◆ **Instructions for the task**:
Reproduce the listing exactly. Omit pictures.

◆ **Given material**:
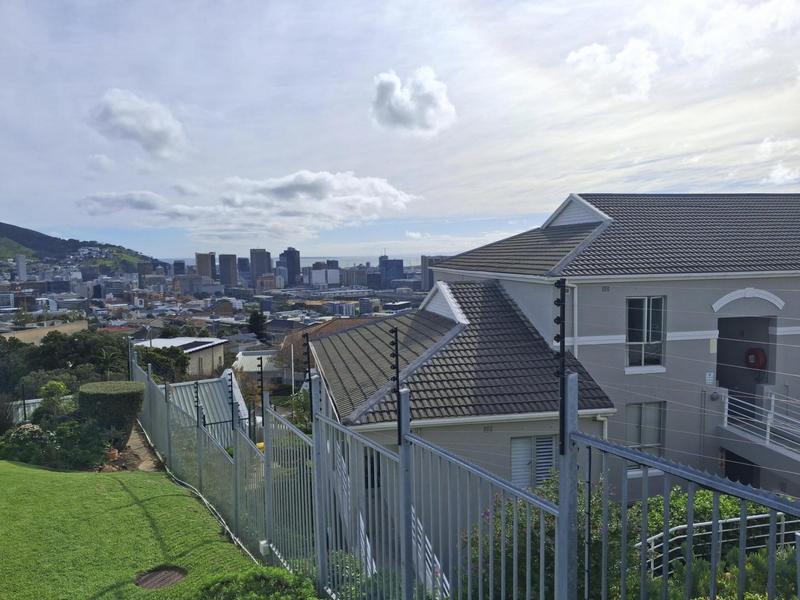 To Let 2 Bedroom Property for Rent in Vredehoek Western Cape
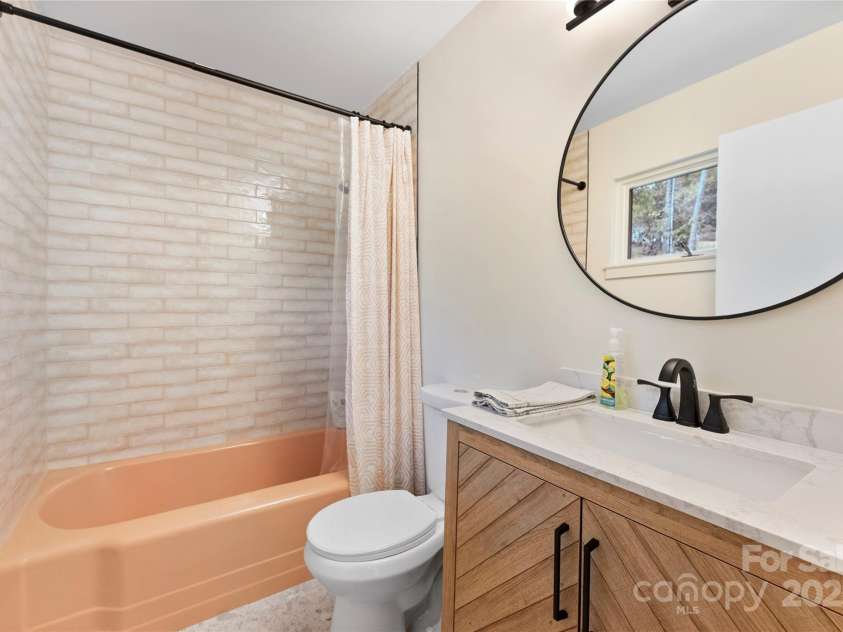 351 Windsor Road, Asheville, NC 28804.  MLS# CAR4306947, YatesRealty ID 1819. 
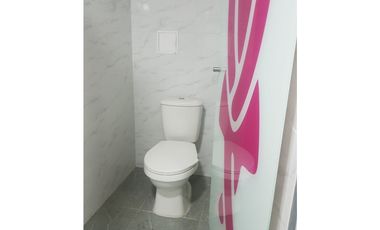 SE ARRIENDA CASA COMERCIAL PARA OFICINAS-PASADENA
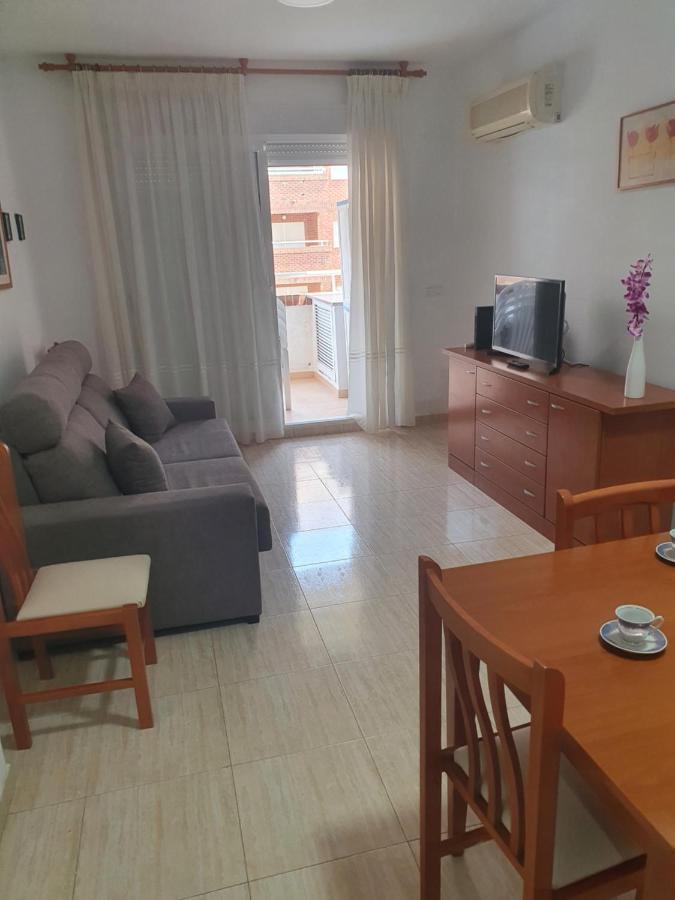 Schoene Ferienwohnung Ca. 350M Vom Strand Entfernt Оропеса дел Мар Екстериор снимка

◆ **Exercise solution**:
 To Let 2 Bedroom Property for Rent in Vredehoek Western Cape
 351 Windsor Road, Asheville, NC 28804.  MLS# CAR4306947, YatesRealty ID 1819. 
 SE ARRIENDA CASA COMERCIAL PARA OFICINAS-PASADENA
 Schoene Ferienwohnung Ca. 350M Vom Strand Entfernt Оропеса дел Мар Екстериор снимка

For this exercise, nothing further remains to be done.